ETHICS IN THE FIELD. "KNOW THYSELF".
|Chris Huntley; Aspen Environmental Group; firstname.lastname@example.org; Don Mitchell (ECORP), Randi McCormick (McCormick Biological), Justin Wood (Aspen), Chris Huntley
Spending time in the field is one of many reasons we chose a career in wildlife biology. Some of us receive extensive training while others learn while on the job. This can lead to a knowledge gap that requires biologists to conduct surveys for species where they have limited knowledge or experience. This can also result in the biologist overlooking sensitive species or making errors in the identification of a target species. Overlooking State or federally listed species denies the animal the protection it is due under the law. In addition, it can result in substantial personal risk, delay projects, result in fines, and damage reputations. Misidentifying common species as sensitive can also result in unnecessary mitigation, permitting, and regulatory burdens for the client or land manager. How do we avoid making these mistakes, maintain our ethics, and seek the mentoring needed to become better field biologists. Join us for an app based interactive discussion where we present methods to overcome knowledge gaps, communicate with clients and colleagues on our field abilities, and how to gain the knowledge and experience needed to succeed as a wildlife biologist.
ADVOCACY, ETHICS, CLIENT NEEDS, AND THE RESOURCES. MAINTAINING YOUR ETHICS WHILE SUPPORTING RESPONSIBLE GROWTH
|Chris Huntley; Aspen Environmental Group; email@example.com; Don Mitchell (ECORPS), Randi McCormick (McCormick Biological), Justin Wood (Aspen), TBD Panel
Advocacy, Ethics, Client Needs, and the Resources. Maintaining Your Ethics While Supporting Responsible Growth Wildlife biologists play a key role in the preservation and management of wildlife. We study the behavior, physiology, and ecology of wildlife and how humans alter or modify the distribution and behavior of species. Wildlife biologists also conduct surveys to determine the potential for sensitive species to occur in an area proposed for development. These studies are used by land managers, resource agencies, and consultants in the evaluation of impacts associated with the development of infrastructure. But how do we balance advocacy for the species, the client, and compliance with State and federal regulations. How do we maintain our ethics while ensuring projects that benefit society are completed with the best possible mitigation to off-set impacts to sensitive wildlife. Join us for an app based interactive discussion with the audience and panel to discuss how advocacy and ethics relate to our roles as wildlife biologists.
THE RAMIFICATIONS OF COMPROMISED ETHICS, MISPLACED ADVOCACY, POOR FIELD CRAFT AND HOW TO AVOID THEM.
|Chris Huntley; Aspen Environmental Group; firstname.lastname@example.org; Don Mitchell (ECORP), Randi McCormick (McCormick Biological), Justin Wood (Aspen), TBD Panel
This interactive session builds on the previous presentation (Ethics in the Field. Know Thyself) and takes a deeper dive into the legal and administerial consequences that affect projects or studies when critical mistakes are made in the field, in the data analysis, or the conclusions presented in a report. We will discuss how these errors often accumulate or are compounded overtime, where they often occur, and how they should be remedied when discovered. More importantly, we will highlight methods that should be used when planning and conducting field work, how to support your conclusions, and how to prepare legally defensible documents.

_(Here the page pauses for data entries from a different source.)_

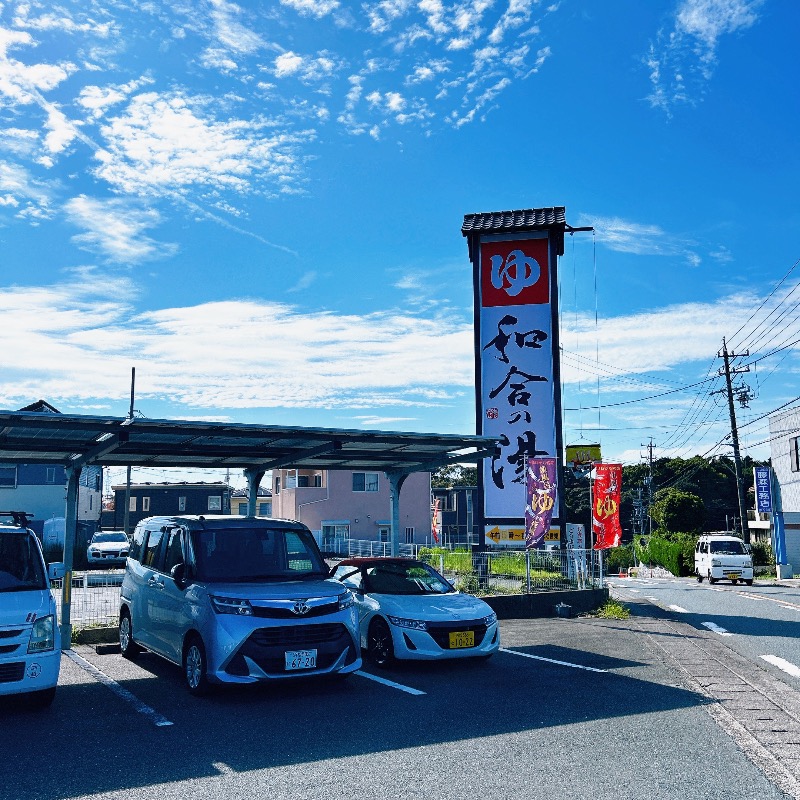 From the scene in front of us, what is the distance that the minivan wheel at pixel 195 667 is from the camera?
316 inches

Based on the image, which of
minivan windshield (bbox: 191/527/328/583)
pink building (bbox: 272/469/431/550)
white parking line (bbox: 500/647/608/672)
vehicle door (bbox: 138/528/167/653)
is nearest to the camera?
minivan windshield (bbox: 191/527/328/583)

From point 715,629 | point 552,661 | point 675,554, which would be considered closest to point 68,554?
point 552,661

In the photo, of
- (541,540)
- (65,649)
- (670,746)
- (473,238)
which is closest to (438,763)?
(670,746)

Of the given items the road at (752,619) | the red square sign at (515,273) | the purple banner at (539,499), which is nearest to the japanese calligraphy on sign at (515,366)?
the red square sign at (515,273)

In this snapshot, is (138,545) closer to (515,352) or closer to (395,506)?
(395,506)

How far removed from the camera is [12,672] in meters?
6.96

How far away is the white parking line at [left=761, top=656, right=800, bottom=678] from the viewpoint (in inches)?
403

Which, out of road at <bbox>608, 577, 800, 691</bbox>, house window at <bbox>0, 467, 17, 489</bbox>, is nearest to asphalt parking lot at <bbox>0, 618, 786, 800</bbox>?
road at <bbox>608, 577, 800, 691</bbox>

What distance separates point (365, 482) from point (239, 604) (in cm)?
3707

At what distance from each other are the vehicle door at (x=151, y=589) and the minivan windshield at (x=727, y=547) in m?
28.1

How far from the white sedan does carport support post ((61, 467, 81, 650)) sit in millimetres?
4038

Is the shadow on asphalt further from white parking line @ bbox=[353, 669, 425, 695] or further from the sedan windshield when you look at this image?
the sedan windshield

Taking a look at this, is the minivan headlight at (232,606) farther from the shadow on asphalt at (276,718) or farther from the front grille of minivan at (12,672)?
the front grille of minivan at (12,672)

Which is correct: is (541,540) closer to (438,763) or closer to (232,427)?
(232,427) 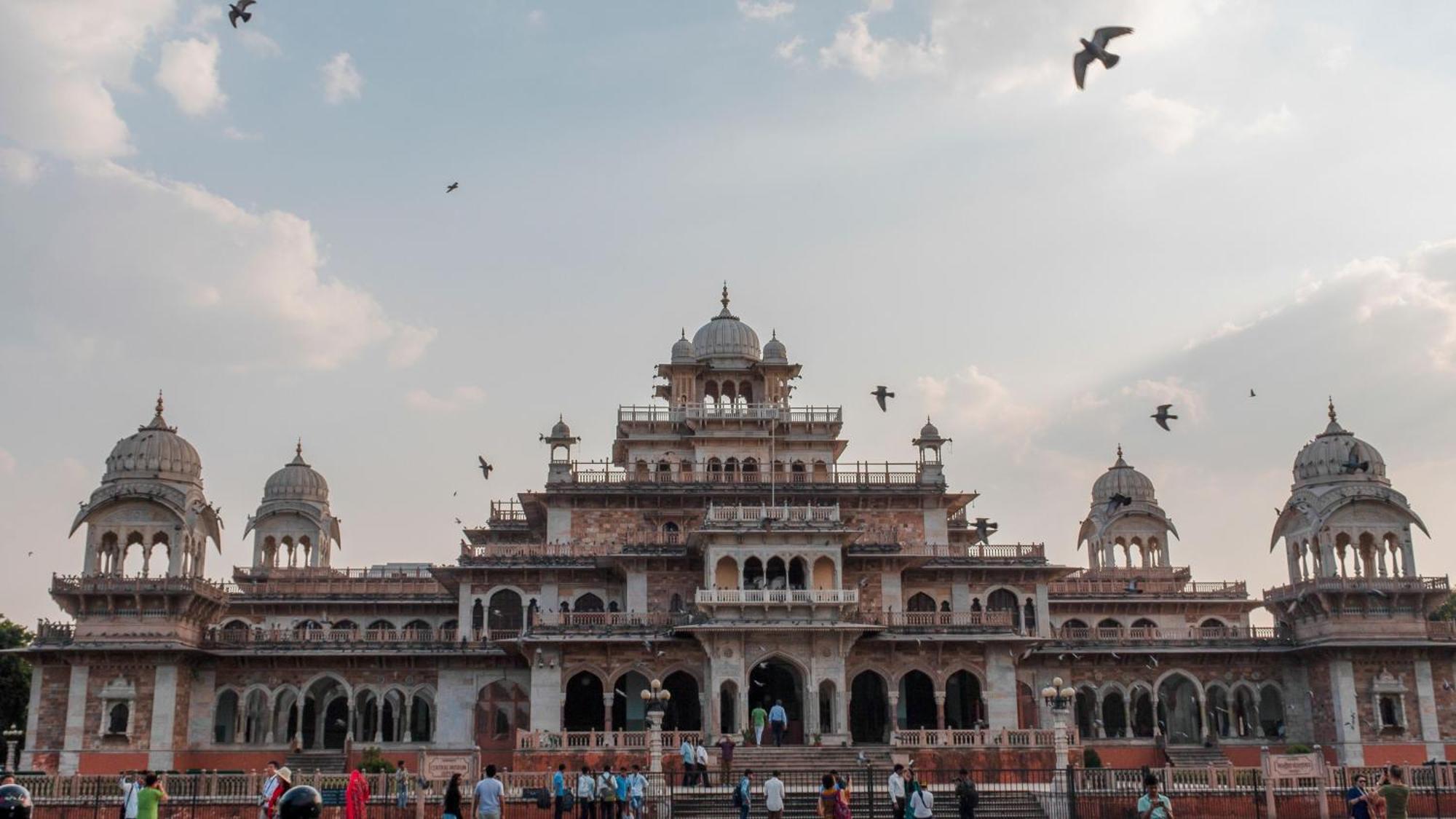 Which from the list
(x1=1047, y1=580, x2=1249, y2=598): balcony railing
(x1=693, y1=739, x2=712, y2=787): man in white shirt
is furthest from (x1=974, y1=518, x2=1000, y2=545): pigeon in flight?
(x1=693, y1=739, x2=712, y2=787): man in white shirt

THE VALUE OF SHARING FIELD OBSERVATIONS, YES, EVEN THOSE FROM CONSTRUCTION MONITORING
|Jeff A Alvarez; The Wildlife Project; email@example.com;
Surprisingly, there is a significant paucity of natural history information for most wildlife species. This is in the context of the most significant increase in biologists in the field in history. Many of us see or know about aspects of the natural history of one or more species—which may be used as a subject of a story among colleagues or a posting on social media—and don't fully understand or value the significance of these observations. This is particularly true among consultants who don't find the support to publish natural history notes or otherwise report their findings and observations. Those biologists that have published findings, both great and small should feel an obligation to those around them to encourage others to publish observations and findings. This is not only in support of the individual’s professional standing but can greatly enhance or facilitate management of many species that are currently enigmatic. Publishing natural history notes is relatively easy and can provide future workers with the information they need appropriately manage species and their habitat.